Inexplicably to Europeans, President Putin still shows every confidence that he can wear down Western resolve and fight his war in Ukraine indefinitely. Part of this derives from a simple political calculation: Even a well-armed Europe will hesitate to engage Russian forces directly, and will in every case struggle to unite its constituent nations behind any military action outside NATO territory.  If Putin confines his actions to non-member states and deniable subversion against member states, he knows he has little to fear from a rearmed Germany.  

A deeper calculation derives from his grasp of a strategic mismatch with the West.  For decades, Western strategists have derived their thinking from economics. War is the equivalent of a market disequilibrium while peace is a return to blessed equilibrium.  Putin sees things very differently.  War serves authoritarian preferences for extreme social control and justifies calls for patriotic sacrifice. Peace is dangerous in that it prompts demands for prosperity. While dictators can whistle up military action from their desks, they cannot command broad economic prosperity, which requires the willing cooperation of millions of individual property owners, many of whom have a well-founded distrust of their authoritarian masters.  Better to squirrel capital away under the mattress or in offshore bank accounts.  The best Putin can do in times of peace is to divert precious state revenues toward consumer goods and pensions. Peace for a dictatorship is a power disequilibrium while war is its natural state.  Which explains why every dictatorship evokes continuous war against enemies real and perceived: War justifies authoritarian rule.  As long as Putin can finance his war with discounted sales of oil, gas and minerals to friendly or unwitting partners, he will not only continue his war but sustain his regime.  Any successor, likely drawn from the ranks of the loyal siloviki — those with a background in a power ministry — will draw a similar conclusion.

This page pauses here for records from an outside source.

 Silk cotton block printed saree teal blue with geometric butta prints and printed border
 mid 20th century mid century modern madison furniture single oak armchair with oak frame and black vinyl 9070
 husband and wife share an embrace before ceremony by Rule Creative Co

Europe also faces a mismatch when it comes to manning its new military forces.  A recent poll conducted by the German broadcaster RND shows that only 16 per cent of young Germans would “definitely” fight to defend their country, while fully 59 per cent were unwilling to.  The decades spent by German educators teaching their pupils to be ashamed of their country except during the World Cup have left Berlin incapable of mobilising its citizenry in its own defence.  Chancellor Merz may acquire the hardware needed to see off Russian designs, but in the absence of young men devoted to their country, it will be so much dead steel and expensive electronics.  Former investment banker Merz is hardly a figure to imbue a spirit of sacrifice in a young population steeped in cultural ennui and a suspicion of Western values. “Do your military service like I did and one day you too may own a private jet!” may be the most compelling lesson from Merz’s personal history for cynical young conscripts.

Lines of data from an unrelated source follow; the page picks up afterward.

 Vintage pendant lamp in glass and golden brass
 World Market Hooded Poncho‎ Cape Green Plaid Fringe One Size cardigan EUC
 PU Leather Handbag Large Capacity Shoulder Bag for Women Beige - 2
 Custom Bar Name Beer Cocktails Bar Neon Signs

Can European military hardware acquire the patriotic “software” needed to deter aggressive adversaries? While the United States can still draw on a deep well of young men proud to wear a uniform and risk their lives for their country, Europe faces demographic catastrophe and societies often sceptical of national sacrifice and American-style “flag waving.”  Revived conscription may provide the military with warm bodies, but it cannot alone engender the sacrifices needed to create effective combat forces.  And you may well imagine that many European countries will be hesitant to give advanced weapons training to thousands of young men named Mohammed.  Conscription without a compelling national ideal will not forge a durable identity from young men highly disposed to resent the cultures and traditions of their host countries.  By contrast, a Russia that can sustain over a million combat casualties without domestic discord can mobilise the manpower it has to sustain a brutal war without a foreseeable end. A combination of Russian patriotism, cash inducements, and a shared sense of hostility to the West is the “software” animating Putin’s war machine.  Europe may have mastered prosperity, but it hasn’t provided compelling reasons for its young people to offer themselves in its defence.  It may finance a vast array of new arms but it has yet to learn how to build armies.